When Is Quitting A Marathon OK?

Pride, injury and mind tricks complicate marathoner’s decisions about DNFing. Here’s advice from elites on when to stop — or push through.

You’re 17 miles into your marathon, and things clearly aren’t going your way. Either that small ache you felt on the starting line feels a lot bigger now, or your pace is dwindling like your hope for a great day. Your eyes continue to dart to the sidewalks where everyone is cheering, and you’re searching for a dark alleyway to go and hide.

First, you think of all the hard miles you’ve run to get to this point, the cold morning runs, and the strenuous hill repeats. Then you think of tomorrow, you think of races next month, or even next season, and you don’t want to injure yourself into early retirement. Like most marathoners, you eventually ask yourself, “Is this worth it?”

Photo Credit: Chris Waits, via Creative Commons License - Original Photograph

Photo Credit: Chris Waits, via Creative Commons License – Original Photograph – http://creativecommons.org/licenses/by/2.0/legalcode

So, when is it OK to pull out of a marathon?

Patrick Rizzo, a professional runner for Mizuno, says it depends on the severity of pain. “The only acceptable reason to pull out of a race is when your health is on the line,” says the Boulder, Colo., runner. With a 2:13:43 personal best in the marathon, Rizzo’s qualified for two U.S. Olympic Marathon Trials. Despite a strong running resume, Rizzo has off days like everyone else. At the 2013 U.S. Marathon National Championships in Minneapolis, Minn., in October, he entered the race as one of the favorites. He took a few shots leading the pack, but eventually. his body stalled. After 20 miles, he was forced to ask himself if finishing was truly worth it.

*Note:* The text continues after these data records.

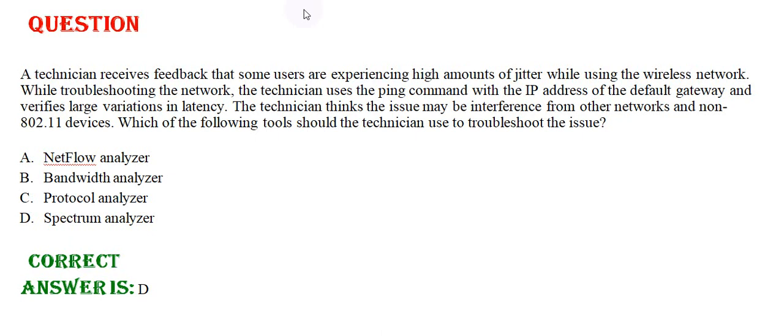The technician thinks the issue may be interference from other networks and non-802.11 devices. Which of the following tools should the technician use to troubleshoot the issue?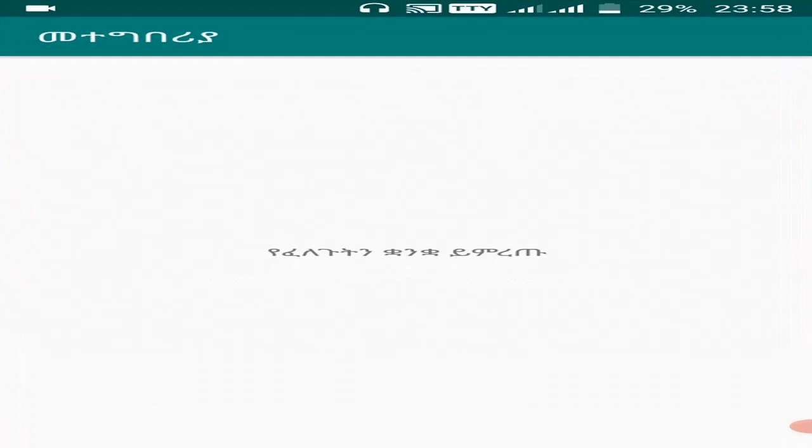When you change the system setting from language from English to Amharic the app also automatically have been translated. So we have made a string localization. Well thanks for watching this video.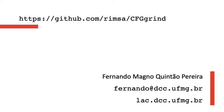For those interested, CFGgrind is available in GitHub. If you have more questions about this experiment, please don't hesitate to ask me. Thank you.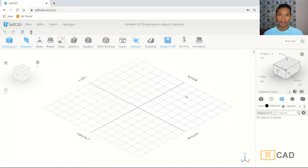Hello everyone, welcome back again to Mufasuke channel with this 3D modeling basic tutorial. Today I will create a simple low poly tank.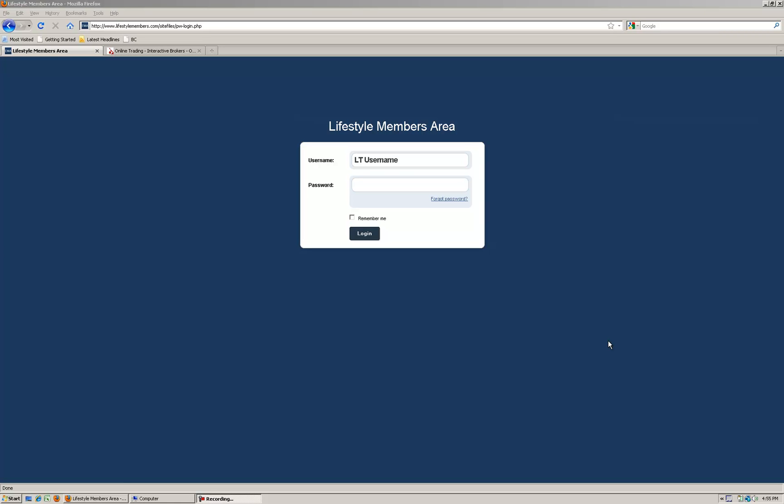Hello traders and welcome to a simple quick video to show you and explain how and where to download and install Lifestyle Assist, Lifestyle Professional, and the Trader Workstation platform.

“I was on the fence about it,” Rizzo says of his mid-race rough patch. “It was hard to determine if it was injury pain, or just race pain.” Despite falling off his goal pace, he carried on. “It wasn’t bad enough to inhibit my training moving forward,” he says. So he did what most competitive runners hate: he endured the painful and off-target pace to finish. He was 17th place with a final time of 2:20 — well off his goal time.

Fortunately for Rizzo, grinding out the final miles through his aches and pains did not come back to haunt him. He was able to successfully assess his discomfort and escape injury. Sometimes a lingering injury came come back several miles into the marathon, and the small ache it once was can blossom into something much more painful.

Jason Hartmann, a 2:11:06 Boulder, Colo., has finished fourth at the Boston Marathon in both 2012 and 2013. On the starting line of the 2013 New York City Marathon, he rode a hot-streak of great performances. But as he ticked off the miles, Hartmann experienced a new challenge: blood blisters spreading across the bottoms of both of his feet, which hampered his stride. He pulled out, logging the second Did Not Finish (DNF) of his career as a marathoner.

As with Rizzo, his decision required much thought. “You pull out when the risk of further injuring your body is greater than the reward of finishing,” Hartmann explains. “If it’s altering your form so you’re compensating for the pain, it could negatively effect your training and racing for a long period of time.”

There’s a fine line between personal pride and practicality. Both Hartmann and Rizzo came to this conclusion somewhere deep within their marathons.

Like most of us who take on the challenge of the 26.2-mile footrace, Rizzo and Hartmann came to a fork in the road. Each runner facing pain during a marathon must decide if the pain is a potential injury, or just an exhausted body searching for an easy way out. As appealing as the sidewalk looks from the road, the decision to finish or pull out should never be taken lightly. It’s the same for the professionals as it is for the rest of us: we’re all just trying to get to the finish line with a smile on our face, even if that means delaying the finish until another day, in another race.